In article  <3681@lanl.gov> jlg@lanl.gov (Jim Giles) writes:
][I argue that pointers are bounded just like arrays]
]Really?  I don't know _any_ language that has pointers that places
]bounds on where it can point.

We are comparing pointers to indexes here.  The only time these two
are comparable is when the pointer is one that was calculated with
integer addition on a pointer to an array.  An out-of-bounds pointer
--in correspondence to an out-of-bounds index-- is a pointer whose
value is not in the same array as the starting pointer.

]What you are talking about here is the ANSI C (which is _very_ new)
]constraint on the validity of pointer _arithmetic_.  This constraint
]merely says that comparing (or subtracting) pointers that currently
]point to within separately allocated objects is undefined.

No, I'm talking about C in general.  And of course I'm talking about
pointer arithmetic, otherwise there is no correspondence between
indexes and pointers.  I don't believe any definition of C has ever
defined the effect of dereferencing a pointer that was miscalculated
so that it points out of the region the starting array.  However, C
_could_ define this as producing an error, and then pointer bounds
checking would be just as safe and reliable as array index bounds
checking.

This is all starting to sound very familiar...
-- 
					David Gudeman
Department of Computer Science
The University of Arizona        gudeman@cs.arizona.edu
Tucson, AZ 85721                 noao!arizona!gudeman

kers@hplb.hpl.hp.com (Chris Dollin) (10/24/90)

David Gudeman writes:

   In article  <3656@lanl.gov> jlg@lanl.gov (Jim Giles) writes:

   ]Of course, pointers and one dimensional arrays - in spite of their
   ]similarity - are indeed different.  For one thing: arrays are bounded.
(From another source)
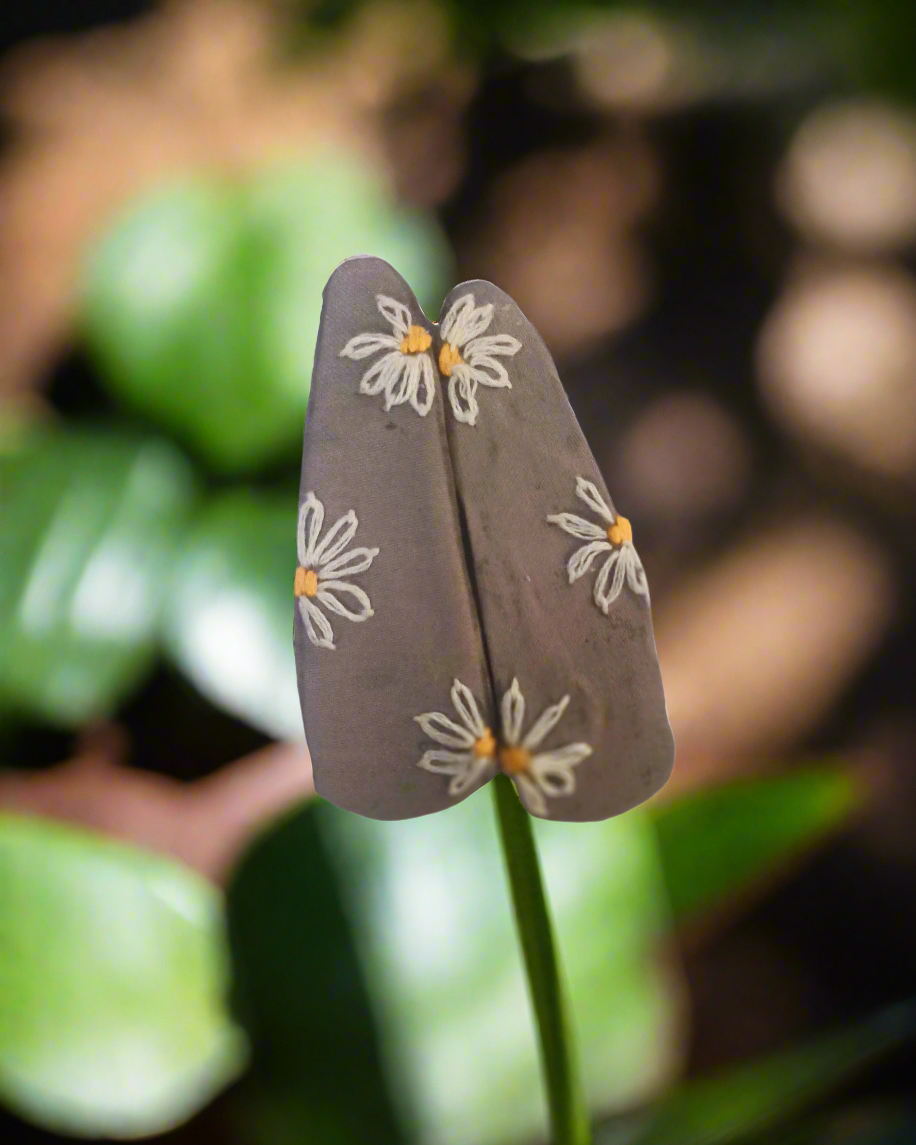 Daisy flower Hair Clips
   You know, Jim, it doesn't help your argument any when you keep
   bringing up the same points long after they have been discredited.
   Pointers are bounded just like array indexes.  Yes, most
   implementations of C don't check the bounds, but that is because in
   the definition of the C language, run-time errors are generally
   [rest omitted]

That's not what Jim means by "bounded" (if I understand him correctly) - his
point is that given two *arrays* A, B then it is *known* that A and B have no
locations (ie, updatable bits of store) in common, so assignments within A 
cannot affect the values accessible from B.

This is in contrast to two pointers P, Q (of the same type); an assignment
through P (*P = 42, or P[42] = MAX_INT) might well change values accessible
through Q.

Jim wants ALIAS declarations for the cases where variables can overlap.
Presumably in the case of a procedure with a header something like

    void example( T A[Bound], T B{Bound] ) ...
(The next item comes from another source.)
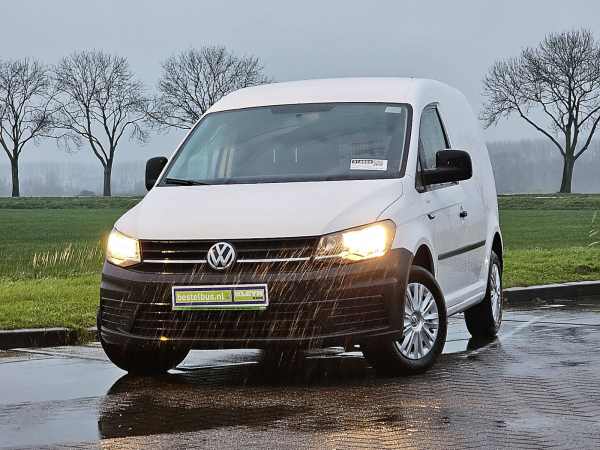 VOLKSWAGEN - CADDY 2.0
where A and B are not to be aliased (so the comoiler can do its wizzy 
optimisations), all calls have a proof obligation to show that the actual 
arguments are *in fact* not aliased.

Is that right, Jim? [I'm not sure I agree with Jim. But I'd rather disagree
about the same thing that about two different ones, which is what I think David
is in danger of doing.]

--

Regards, Kers.      | "You're better off  not dreaming of  the things to come;
Caravan:            | Dreams  are always ending  far too soon."

mhcoffin@watmsg.uwaterloo.ca (Michael Coffin) (10/24/90)
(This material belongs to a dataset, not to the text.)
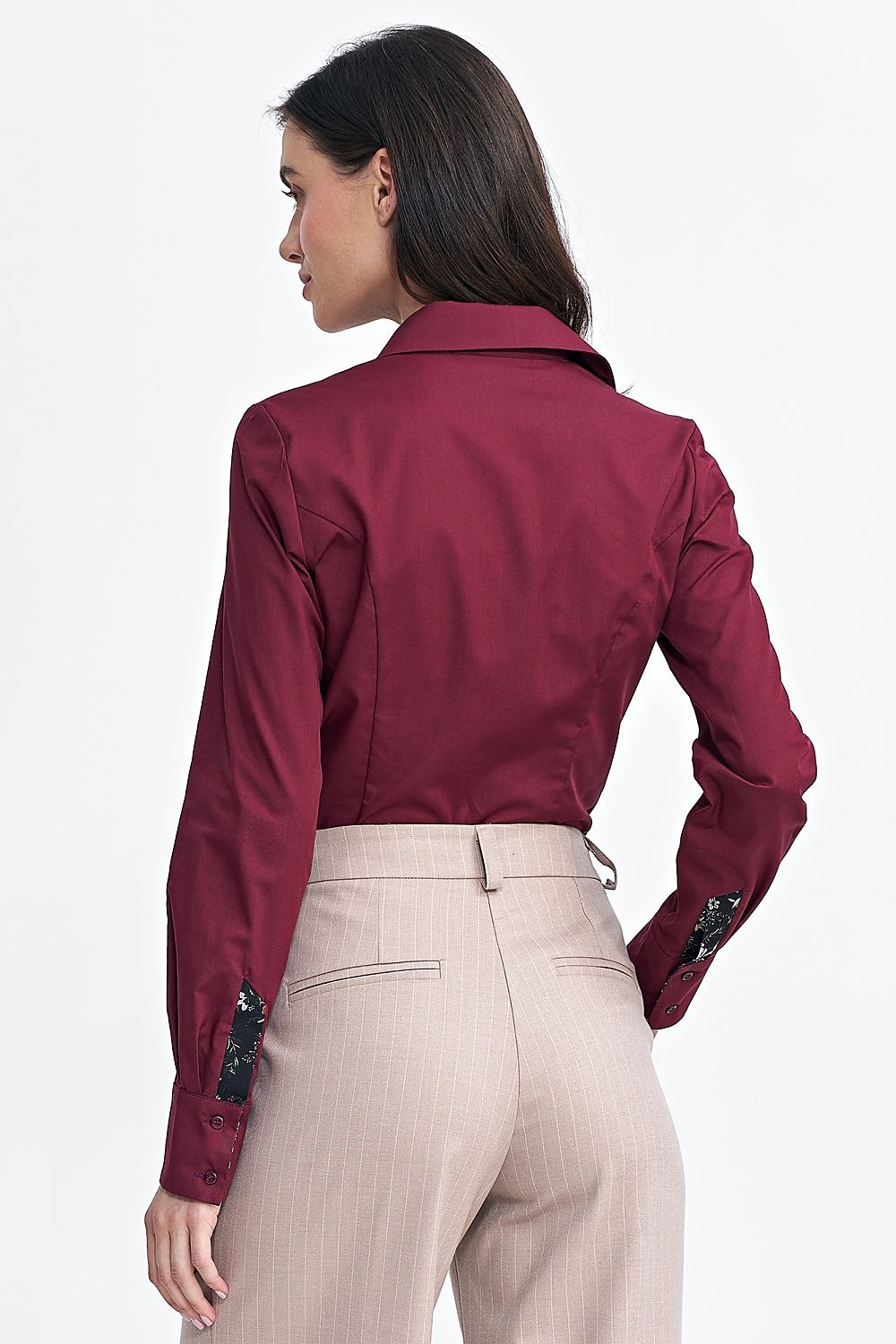 Chemise manche longue model 200394 Nife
In article <3681@lanl.gov> jlg@lanl.gov (Jim Giles) writes:
> ...
>What you are talking about here is the ANSI C (which is _very_ new)
>constraint on the validity of pointer _arithmetic_.  This constraint
>merely says that comparing (or subtracting) pointers that currently
>point to within separately allocated objects is undefined.  The same
>status occurs if you add (or subtract) integers to (or from) pointers
>so that the result leaves the bounds of a single allocated object.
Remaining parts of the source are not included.